The technology would buy forest managers precious time to respond to outbreaks, and give scientists better information on how the disease spreads.
In addition, Perroy, proposed the use of a drone to collect samples from the canopy of suspect trees for laboratory analysis, thus increasing the chances of detection, and saving the time and effort required by ground sampling in often challenging environments.

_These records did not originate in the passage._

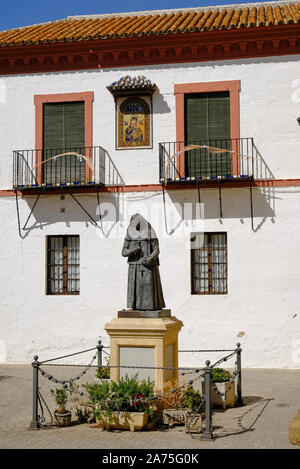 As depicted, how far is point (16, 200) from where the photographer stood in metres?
18.7

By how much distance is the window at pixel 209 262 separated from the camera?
17.9m

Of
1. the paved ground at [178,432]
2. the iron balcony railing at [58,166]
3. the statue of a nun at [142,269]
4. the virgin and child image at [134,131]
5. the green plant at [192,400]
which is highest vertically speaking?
the virgin and child image at [134,131]

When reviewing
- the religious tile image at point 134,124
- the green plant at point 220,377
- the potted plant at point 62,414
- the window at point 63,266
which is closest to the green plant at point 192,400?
the green plant at point 220,377

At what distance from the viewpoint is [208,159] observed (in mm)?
17969

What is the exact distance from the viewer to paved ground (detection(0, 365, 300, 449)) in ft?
30.3

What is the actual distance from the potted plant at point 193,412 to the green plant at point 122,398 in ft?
1.85

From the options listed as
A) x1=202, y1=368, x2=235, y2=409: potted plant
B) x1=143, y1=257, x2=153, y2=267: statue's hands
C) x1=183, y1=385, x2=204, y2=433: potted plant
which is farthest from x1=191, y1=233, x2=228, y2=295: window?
x1=183, y1=385, x2=204, y2=433: potted plant

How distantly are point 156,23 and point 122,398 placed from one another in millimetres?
13052

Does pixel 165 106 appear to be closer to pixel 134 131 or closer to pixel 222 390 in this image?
pixel 134 131

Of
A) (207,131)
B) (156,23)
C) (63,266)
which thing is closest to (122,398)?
(63,266)

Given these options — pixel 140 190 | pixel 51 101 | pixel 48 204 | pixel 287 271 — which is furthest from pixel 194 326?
pixel 51 101

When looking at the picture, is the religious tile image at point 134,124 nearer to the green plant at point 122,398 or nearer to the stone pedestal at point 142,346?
the stone pedestal at point 142,346

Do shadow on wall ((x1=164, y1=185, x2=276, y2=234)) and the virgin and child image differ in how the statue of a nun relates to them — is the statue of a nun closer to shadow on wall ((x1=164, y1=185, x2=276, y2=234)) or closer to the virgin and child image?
shadow on wall ((x1=164, y1=185, x2=276, y2=234))

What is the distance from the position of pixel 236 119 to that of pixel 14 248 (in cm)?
710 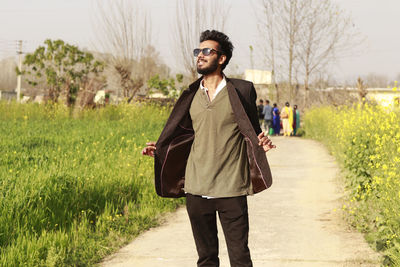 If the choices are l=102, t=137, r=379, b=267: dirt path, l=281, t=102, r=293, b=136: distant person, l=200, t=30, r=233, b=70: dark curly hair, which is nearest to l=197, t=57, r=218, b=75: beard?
l=200, t=30, r=233, b=70: dark curly hair

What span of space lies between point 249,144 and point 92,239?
2.87 m

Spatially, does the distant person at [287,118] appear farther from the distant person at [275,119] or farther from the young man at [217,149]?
the young man at [217,149]

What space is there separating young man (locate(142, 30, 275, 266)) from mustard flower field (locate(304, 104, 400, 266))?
5.39ft

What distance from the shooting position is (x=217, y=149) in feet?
12.6

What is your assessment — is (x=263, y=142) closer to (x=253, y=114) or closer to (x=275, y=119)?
(x=253, y=114)

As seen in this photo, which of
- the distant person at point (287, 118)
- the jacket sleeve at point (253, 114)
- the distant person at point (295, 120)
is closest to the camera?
the jacket sleeve at point (253, 114)

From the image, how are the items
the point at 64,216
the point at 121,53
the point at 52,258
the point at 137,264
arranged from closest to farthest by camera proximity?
the point at 52,258 < the point at 137,264 < the point at 64,216 < the point at 121,53

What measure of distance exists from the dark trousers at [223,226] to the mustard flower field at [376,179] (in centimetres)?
157

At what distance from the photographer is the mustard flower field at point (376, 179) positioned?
519cm

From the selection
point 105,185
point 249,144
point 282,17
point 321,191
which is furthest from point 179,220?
point 282,17

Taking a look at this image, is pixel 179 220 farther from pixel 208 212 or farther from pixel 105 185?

“The ecological and cultural importance of ohia cannot be overstated,” said Volcanoes National Park ecologist David Benitez in a news release. “We were encouraged by the many high-quality submissions we received for this challenge, and by the support and interest it generated in Hawaii and around the world. Innovative solutions such as Dr. Perroy’s are a key to stopping the spread of rapid ohia death and saving our cherished ohia for future generations.”
Since 2014, rapid ohia death has decimated hundreds of thousands of mature ohia lehua, or Metrosideros polymorpha, trees on Hawaii island. State officials had only detected rapid ohia death on Hawaii island until May 2018, when they found it in the Moloa‘a Forest Reserve on Kauai.
This month, state officials detected rapid ohia death for the first time on a lone tree on Maui.
Rapid ohia death is caused by two fungal species: Ceratocystis lukuohia and Ceratocystis huliohia. The former is the more aggressive of the two strains, and causes a systemic wilt that can kill a tree within weeks.
Benitez announced Perroy as the winner this afternoon at the 26th Hawaii Conservation Conference at the Hawai‘i Convention Center.
Benitez also awarded honorable mentions to Lauralea Oliver of K9inSCENTive LLC and Miguel Castrence of Resource Mapping Hawaiʻi. Oliver proposed using trained dog-handler teams to detect the fungal blight. Castrence proposed using fixed wing airplanes and high-resolution sensors to map rapid ohia death across large areas.